Egypt grew stronger and more stable when the king no longer towered so high above his subjects that he alone was deemed worthy of a glorious afterlife. In time, pharaohs, officials, priests, scribes, soldiers, and common people would all have their place in an orderly social hierarchy that endured because it afforded those at lower levels, on whose efforts rulers depended, security in this life and some hope of salvation after death.
Before Egypt achieved that stability, however, it underwent upheaval. About 2150 B.C., the Old Kingdom collapsed. Persistent drought may have caused famine and unrest. Local rulers vied with each other for supremacy until King Mentuhotep II of Thebes reunited Egypt by force of arms around 2050, inaugurating the Middle Kingdom.
Egypt emerged as an imperial power under Mentuhotep II and his successors, who sent troops south into Nubia. Earlier pharaohs had dispatched trading or raiding parties into Nubia to obtain gold, ivory, ebony, and other treasures.
But Egyptians now established a permanent military presence there by building fortresses such as Buhen, a huge structure bristling with battlements and surrounded by a moat. Situated near the Second Cataract of the Nile, well upriver from the traditional boundary between Egypt and Nubia.
It served as a frontier outpost, offering refuge to traders and guarding against attempts by Nubians or other foreigners to raid Egyptian towns. Later pharaohs advanced that frontier and brought most of Nubia under Egyptian control.

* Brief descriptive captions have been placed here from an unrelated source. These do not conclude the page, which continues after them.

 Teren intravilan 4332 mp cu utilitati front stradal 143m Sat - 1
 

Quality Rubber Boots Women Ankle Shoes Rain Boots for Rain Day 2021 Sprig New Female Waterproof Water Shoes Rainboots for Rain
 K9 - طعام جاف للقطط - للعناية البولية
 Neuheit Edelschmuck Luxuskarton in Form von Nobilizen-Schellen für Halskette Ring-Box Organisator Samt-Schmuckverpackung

Some Nubians were captured and enslaved, but Egyptians did not reserve such treatment only for black Africans living to their south. They also enslaved light-skinned people from western Asia.

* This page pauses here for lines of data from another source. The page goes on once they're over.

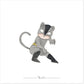 Affiche enfant "Super petit chat"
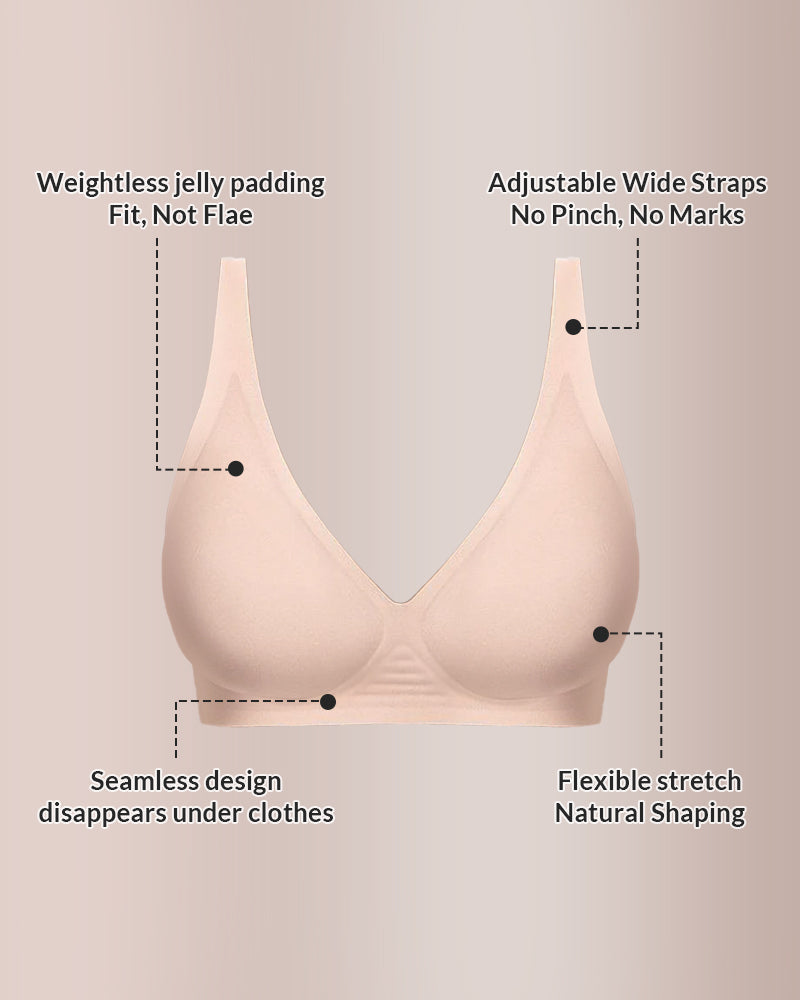 Willluxe® Deep V Lift Seamless Jelly Bra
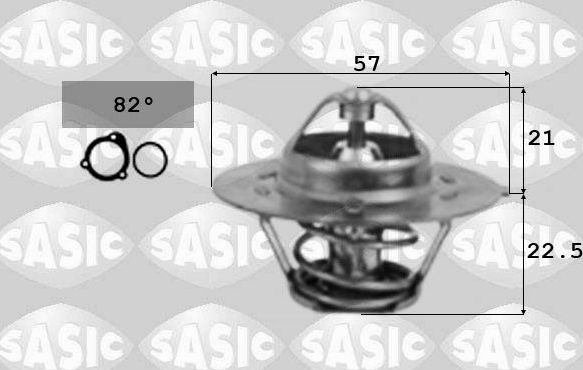 Термостат Sasic для Peugeot 305 1980-1986. Артикул 3371471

Many Nubians remained free and came to terms with their Egyptian overlords, serving them capably as soldiers or local officials and adopting their customs and beliefs. Eventually, Nubians would emerge from under Egypt’s shadow and build pyramids to house the remains of their own rulers.
Pharaohs of the Middle Kingdom also made armed incursions into Palestine, the biblical land of Canaan, although they did not fortify and hold that country as they did Nubia. Instead, many people from Palestine and beyond began infiltrating the Nile Delta.
Around 1650 B.C., intruders of Asiatic origin known as the Hyksos, meaning “rulers of foreign lands,” took control of the delta. Riding horse-drawn chariots like the Hittites who would soon storm Babylon, they overpowered Egyptian forces.
Looking back on that invasion more than a thousand years afterward, the Egyptian historian Manetho characterized the Hyksos as barbarians who “burned our cities ruthlessly, razed to the ground the temples of our gods, and treated all the natives with a cruel hostility, massacring some and leading into slavery the wives and children of others.
After occupying Lower Egypt and establishing their capital at Avaris, the Hyksos refrained from attacking the rulers of Upper Egypt in Thebes. Instead, they demanded tribute from the Thebans and took their princesses as wives.
Far from dragging Egypt back into barbarism, the Hyksos prodded the country forward by introducing new technology, including chariots and bronze weapons. Those innovations were adopted and exploited by Egyptians when they wearied of paying tribute to the foreigners and set out to defeat them.
King Kamose of Thebes launched that campaign, vowing to save Egypt and “smite the Asiatics.” He died before completing the conquest, though, leaving as heir his young relative Ahmose, who may still have been under the care of his mother, Queen Ahhotep.
Ahmose later praised her in writing as one who cared for Egypt and “looked after her soldiers,” suggesting that she served as regent until he matured and took command.
When Ahmose expelled the Hyksos from the delta around 1550, the triumph marked the dawn of the New Kingdom, whose rulers concluded that the best way to prevent another invasion from western Asia was to compete there for imperial supremacy.